5. Summary and Conclusions
This paper presented a novel infrastructure sustainability assessment model for the design and construction of remote communities. The model was developed in four main sections that included: (1) developing metrics to measure the environmental and economic performance of infrastructure alternatives; (2) formulating the model’s objective functions; (3) identifying the model’s required input data; and (4) testing the model’s performance via a case study. The case study modelled 864 portfolios of feasible infrastructure alternatives and 48 portfolios of procedural alternatives, highlighting that the model is capable of quantifying sustainability impacts for a wide range of decision-maker priorities and infrastructure alternatives. The results also display the model’s effectiveness at identifying the environmental and economic tradeoffs associated with more sustainable, yet more bulky and costly, alternatives. The model was able to generate optimal portfolio solutions according to the importance a planner assigns to the environmental impact and cost metrics. This model has the potential to assist planners by allowing them to identify optimal infrastructure alternatives according to the remote community’s mission, location, and personnel requirements.

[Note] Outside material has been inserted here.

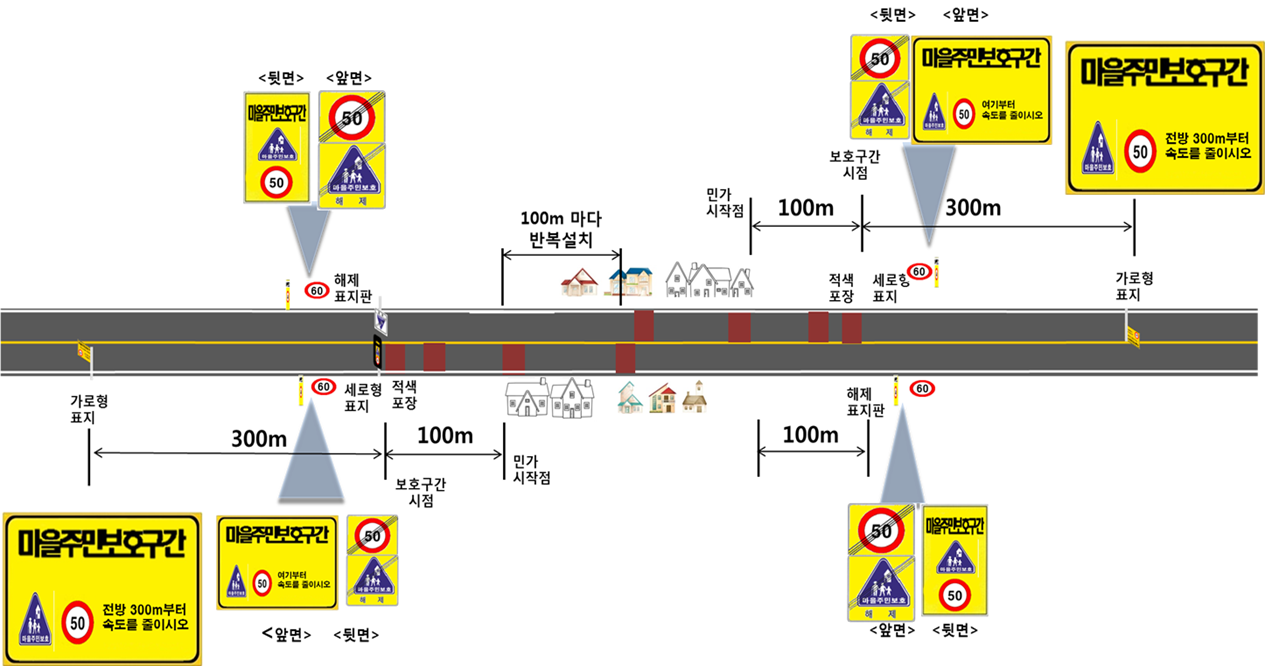 마을주민 보호구간 개선사업 예시도 (자료제공 : 경기도)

This paper presents a model that may be utilized as a framework into which additional sustainability objectives can be incorporated. In this work, the objectives of environmental impact and cost assess the sustainability of infrastructure portfolio decisions, investigating impacts on resource consumption and transportation requirements. While the framework does provide a conduit through which the sustainability of infrastructure systems can be optimized for remote communities, the model presented here is not exhaustive, and future research is necessary. Areas of future research include the optimization of geographical citing according to resource locations, the ability to select multiple alternatives within each category in order to realize synergistic benefits, and the incorporation of additional sustainability objectives such as quality of life, social impact, and human health. Additionally, the present model assumed constant daily resource requirements and emissions factors. Further research should consider a more robust analysis of emissions and operating costs to account for equipment deterioration and irregular maintenance requirements. Additionally, while the presented objective function accounted for the environmental impact and cost from an infrastructure alternative’s purchase through operation, it disregarded production and demolition. Here, it was assumed that all infrastructure alternatives were previously manufactured, which classified their economic impacts as sunk costs. As the remote community’s duration was flexible, the impacts due to demolition or reconstitution were considered negligible. The present model may be adapted to account for these factors.